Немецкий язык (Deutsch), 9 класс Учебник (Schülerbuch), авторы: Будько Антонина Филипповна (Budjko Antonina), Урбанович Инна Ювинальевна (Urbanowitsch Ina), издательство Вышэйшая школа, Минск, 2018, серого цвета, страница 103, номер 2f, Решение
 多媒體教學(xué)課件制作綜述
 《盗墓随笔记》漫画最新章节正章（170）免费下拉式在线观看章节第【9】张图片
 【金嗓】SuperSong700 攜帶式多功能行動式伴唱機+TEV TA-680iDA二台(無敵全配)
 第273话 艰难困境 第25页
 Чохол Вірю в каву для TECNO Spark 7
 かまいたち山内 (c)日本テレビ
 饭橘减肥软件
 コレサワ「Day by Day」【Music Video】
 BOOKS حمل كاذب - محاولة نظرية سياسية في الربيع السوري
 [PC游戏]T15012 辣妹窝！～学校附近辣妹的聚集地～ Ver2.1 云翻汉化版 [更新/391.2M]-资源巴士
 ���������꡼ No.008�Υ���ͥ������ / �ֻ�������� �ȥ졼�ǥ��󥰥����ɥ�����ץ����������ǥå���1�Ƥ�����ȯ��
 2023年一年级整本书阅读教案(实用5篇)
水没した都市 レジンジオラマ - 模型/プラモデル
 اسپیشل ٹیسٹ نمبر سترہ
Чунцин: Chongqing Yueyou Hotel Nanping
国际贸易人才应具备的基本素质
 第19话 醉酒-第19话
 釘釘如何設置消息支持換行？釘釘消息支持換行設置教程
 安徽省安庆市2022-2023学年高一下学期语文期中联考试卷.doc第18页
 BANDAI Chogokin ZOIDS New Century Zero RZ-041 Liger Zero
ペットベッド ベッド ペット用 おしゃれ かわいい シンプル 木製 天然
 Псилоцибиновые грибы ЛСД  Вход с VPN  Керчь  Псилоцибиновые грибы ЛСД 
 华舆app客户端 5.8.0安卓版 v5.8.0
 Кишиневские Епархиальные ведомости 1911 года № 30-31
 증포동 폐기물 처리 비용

....................

▶ **Try it**:
Output exactly the lines between the one containing "No.008�Υ���ͥ������ / �ֻ��������" and the final line above, both inclusive.

▶ **Answer section**:
 ���������꡼ No.008�Υ���ͥ������ / �ֻ�������� �ȥ졼�ǥ��󥰥����ɥ�����ץ����������ǥå���1�Ƥ�����ȯ��
 2023年一年级整本书阅读教案(实用5篇)
水没した都市 レジンジオラマ - 模型/プラモデル
 اسپیشل ٹیسٹ نمبر سترہ
Чунцин: Chongqing Yueyou Hotel Nanping
国际贸易人才应具备的基本素质
 第19话 醉酒-第19话
 釘釘如何設置消息支持換行？釘釘消息支持換行設置教程
 安徽省安庆市2022-2023学年高一下学期语文期中联考试卷.doc第18页
 BANDAI Chogokin ZOIDS New Century Zero RZ-041 Liger Zero
ペットベッド ベッド ペット用 おしゃれ かわいい シンプル 木製 天然
 Псилоцибиновые грибы ЛСД  Вход с VPN  Керчь  Псилоцибиновые грибы ЛСД 
 华舆app客户端 5.8.0安卓版 v5.8.0
 Кишиневские Епархиальные ведомости 1911 года № 30-31
 증포동 폐기물 처리 비용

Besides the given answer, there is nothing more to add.